“Government must go much, much further and completely rewrite our antiquated taxi and PHV laws” says
Last week the Department for Transport finally responded to the independent Working Group report which called for a complete overhaul of taxi and private hire regulation to make it fit for the 21st century. No matter how you look at it – what we got from Government was far from an overhaul. Having sat on the Working Group and pressed the Department to publish its delayed response for months, it’s no surprise that the Government simply cherry-picked the few recommendations which it thinks will be the easiest to introduce. To cut a long story short, the main thing the Government committed to do is consult on new and improved licensing guidelines that local authorities must “have regard to”. It also plans to legislate on national minimum licensing standards “when time allows” and establish a national licensing database – but it’s not exactly the “sweeping” reforms we were promised. Of course, this is a step in the right direction and will help tackle the mishmash of licensing requirements across the country and better protect the public from rogue private hire drivers and operators. However, the Government must go much, much further and completely rewrite our antiquated taxi and PHV laws that pre-date the motor car.
Our mission going forward is to ensure that taxis alone retain the right to be hailed on our streets and on the ranks, but the Government has said that this “grey area” is too difficult to define. They have also tried to dodge giving cities like London the power to cap PHV numbers but have confirmed they will review how the ABBA definition of cross border hiring could work in practice.

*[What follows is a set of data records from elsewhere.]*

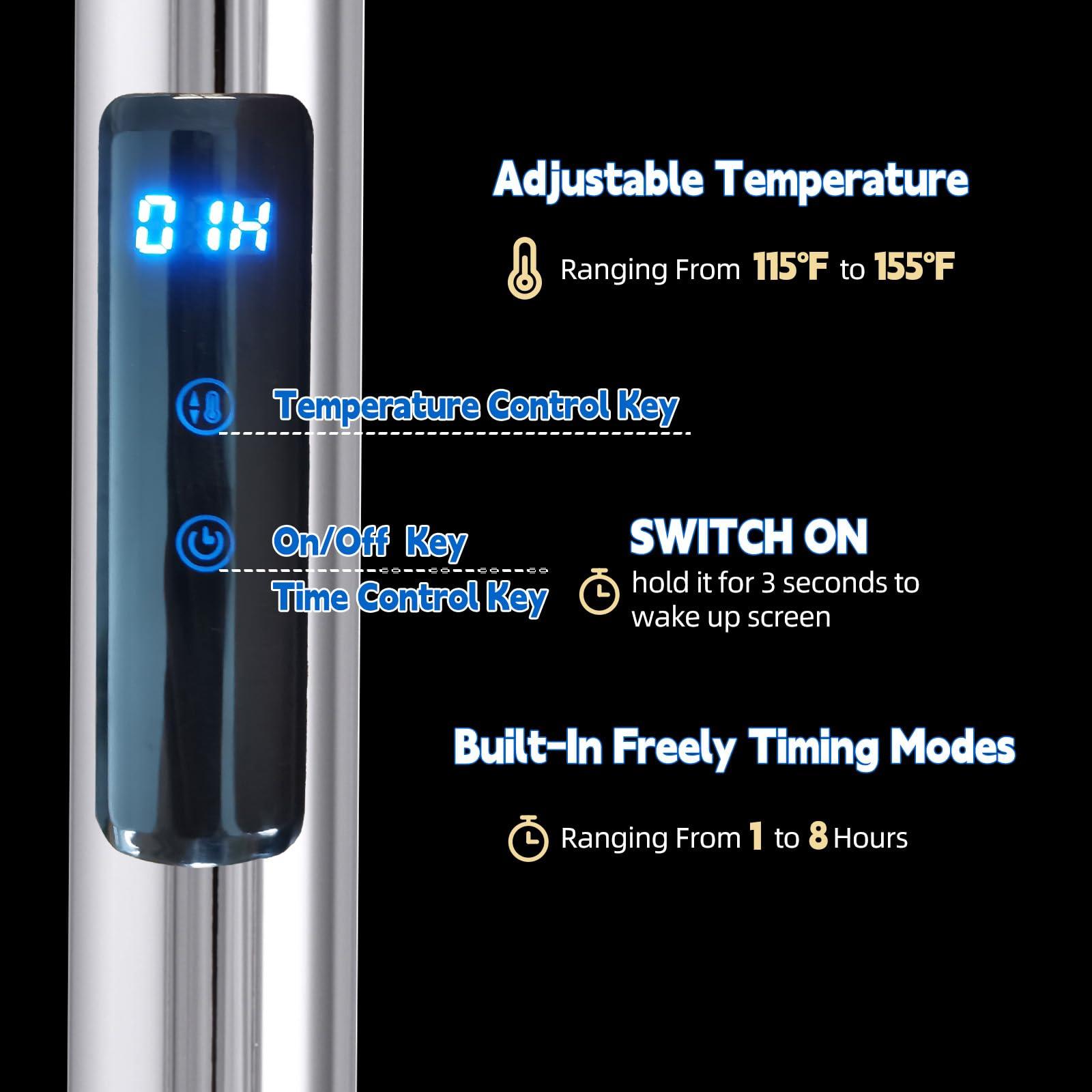 Dawot Dawot 10 Bars Towel Warmer Rack, 23" Electric Wall Mounted Heated Towel Rack with Timer and Temperature Control, Towel Heater Hard Wired/Plug-in Hot Towel Rails for Bathroom, Mirror Polished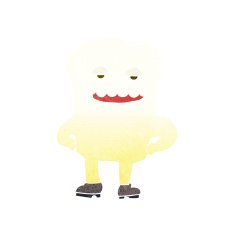 cartoon tooth looking smug N14
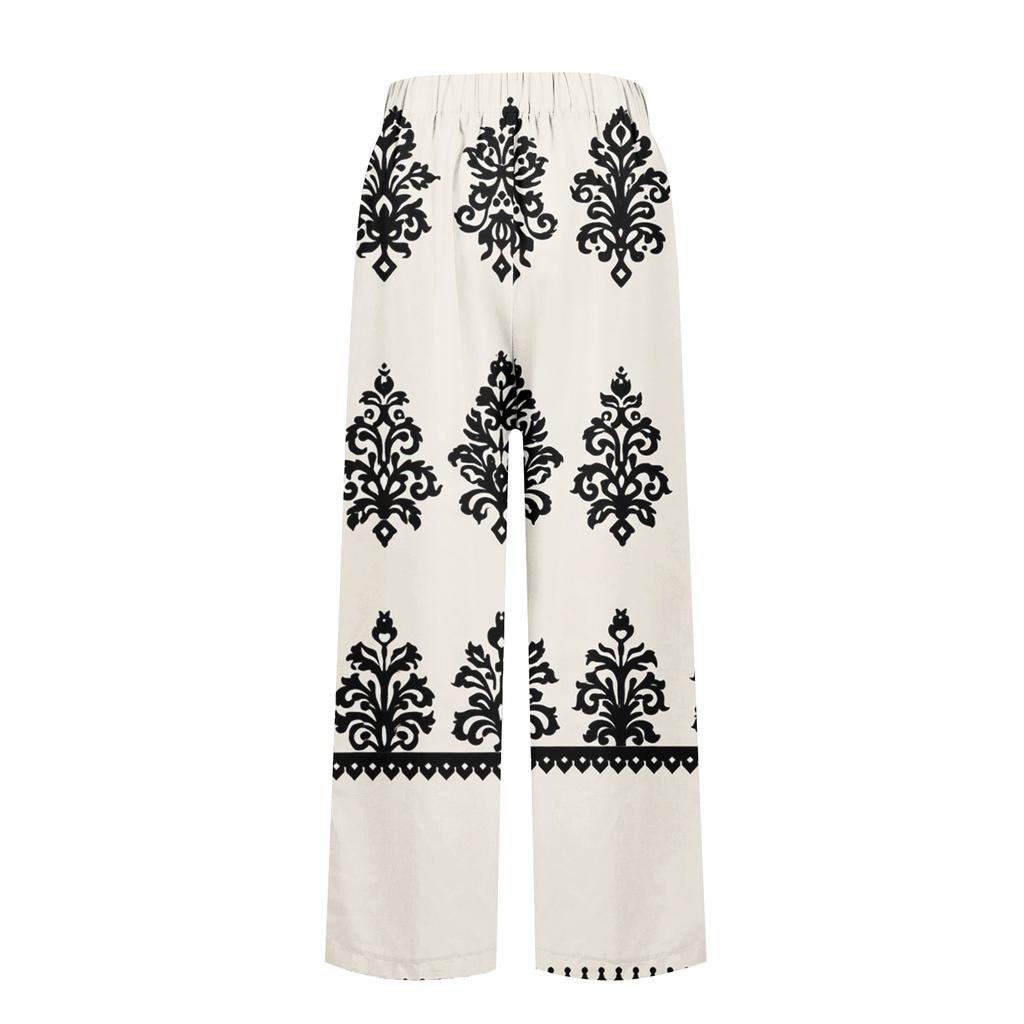 Damen Casual Mode Bedruckte Hose mit geradem Bein Hose mit Taschen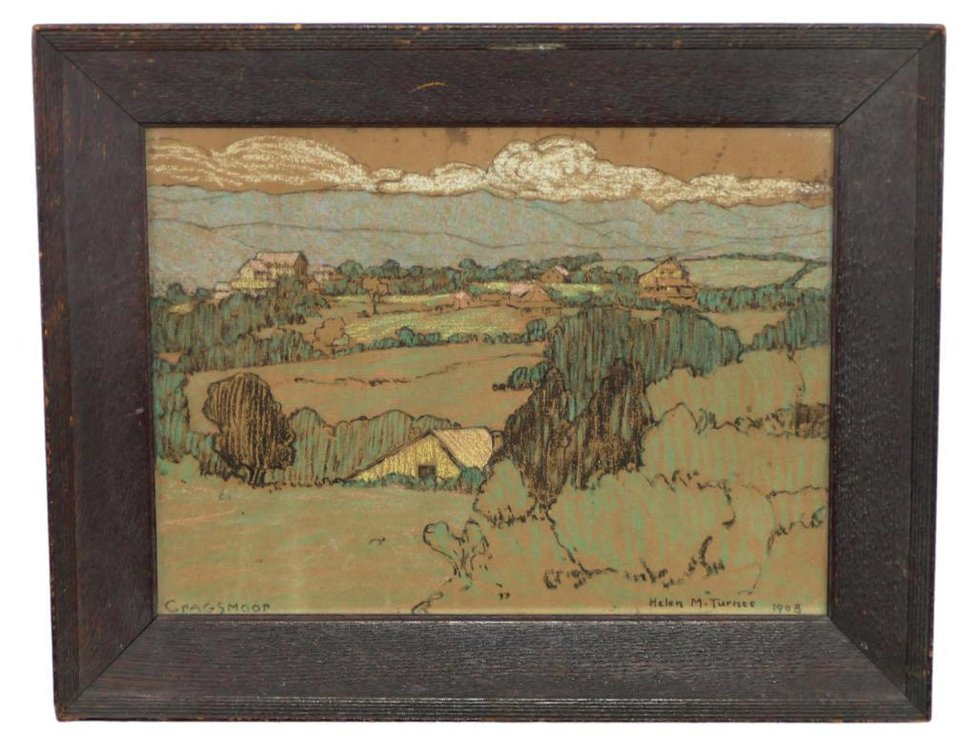 1908 Helen Maria Turner "Cragsmoor" Color Pastel on Paper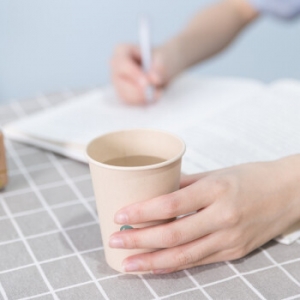 得力（deli）19207 竹纤维纸杯250ml 一次性水杯加厚纸杯办公用品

We now need to see exactly what legislation the Government do decide to bring forward and along with Wes Streeting MP, Chair of the All-Party Parliamentary Group on Taxis and all the other members of the APPG we need to look at how we could possibly table amendments to any bills as they progress through parliament. Trade supporter Daniel Zeichner MP is already fighting the trade’s corner with letter to Nusrat Ghani the Parliamentary Under Secretary of State for the Department of Transport.